The very team that may have feared him most has signed him to bear arms against the former army for which he fought so hard. The so-called competitive “corpse” of James Harrison was left at the scene of a battle to be devoured by the carrion crows in the dark of night, but when the bright morning sun again shined on the battlefield the “corpse” had climbed back upon on his horse, again primed for battle. No, the “British are not coming,” but rest assured that James Harrison will be.
How he was given the freedom to “defect” to the Patriots or any other AFC contender was, is and will always be beyond my comprehension. Sooner or later, Harrison was going to be too slow for a game that has always, for the sake of competition, geared toward younger hearts and legs. But this was not the time of the season to lose the heart and pulse of your defense.
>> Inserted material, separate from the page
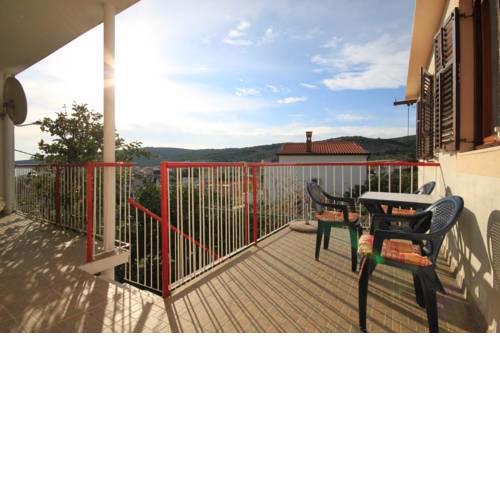Apartments with a parking space Slatine (Ciovo) - 1136
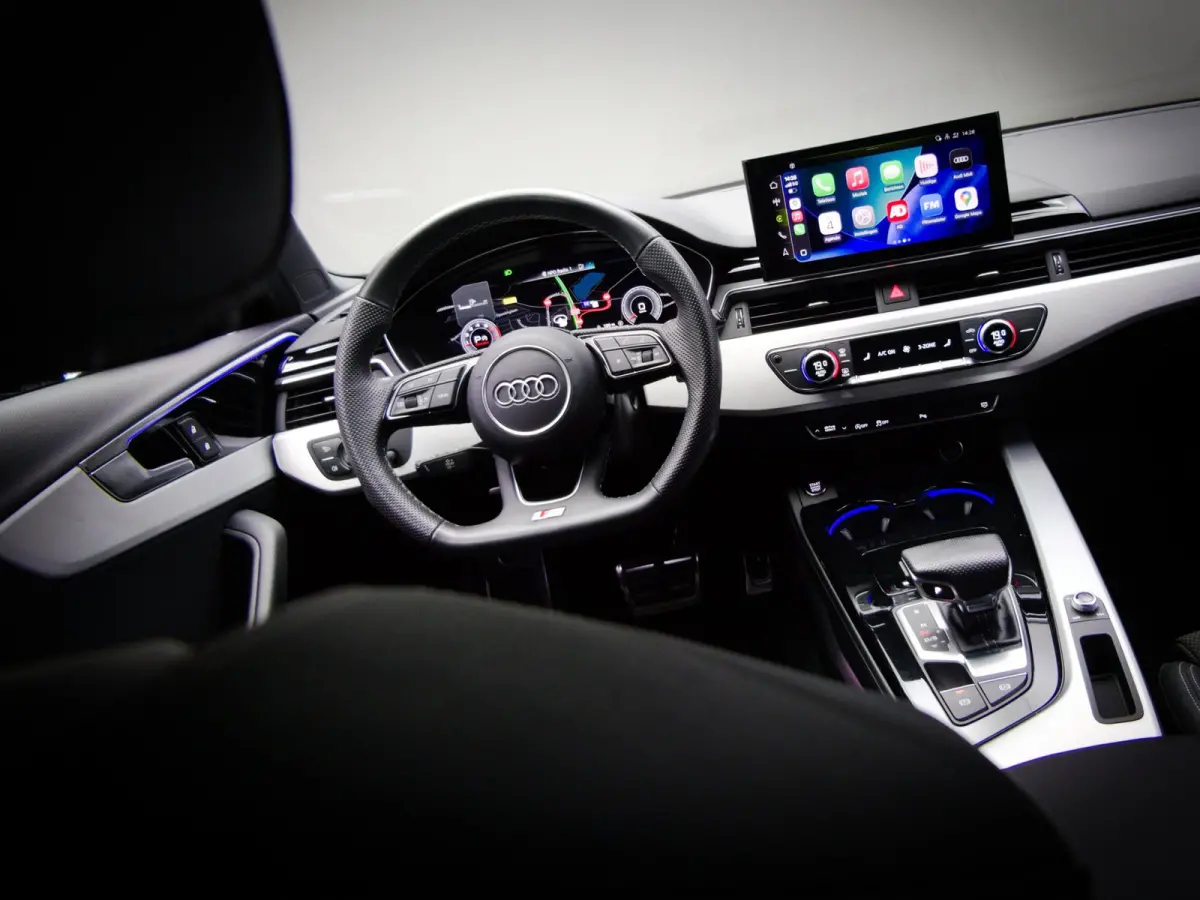 35 TFSI Competition S-Line Edition (SFEERVERLICHTING, BANG&OLUFSEN, APPLE CARPLAY, AFGEVLAKT STUUR, CRUISE, NAVI)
However, usually age coupled with experience certifies wisdom. When the Steelers signed Cleveland Browns cornerback Joe Haden right before the regular season, I was of the opinion that Cleveland underestimated the value of Mr. Haden. I also said that the Browns would realize sooner than later, the error of their ways. Whether the Steelers will be in the same boat regarding the untimely and ghastly release of one of their most celebrated defensive players in their storied history remains to be seen. If Pittsburgh is denied a Lombardi Trophy because of the impact that James Harrison has for the Patriots, it doesn’t matter if the Steelers’ 2017 won-loss record ends up being 13-3 and the lowly Cleveland Browns wind up 1-15 (if they defeat Pittsburgh), or 0-16, it won’t matter…not if the decision to unceremoniously release James Henry Harrison Jr. causes the Steelers to be denied an NFL championship.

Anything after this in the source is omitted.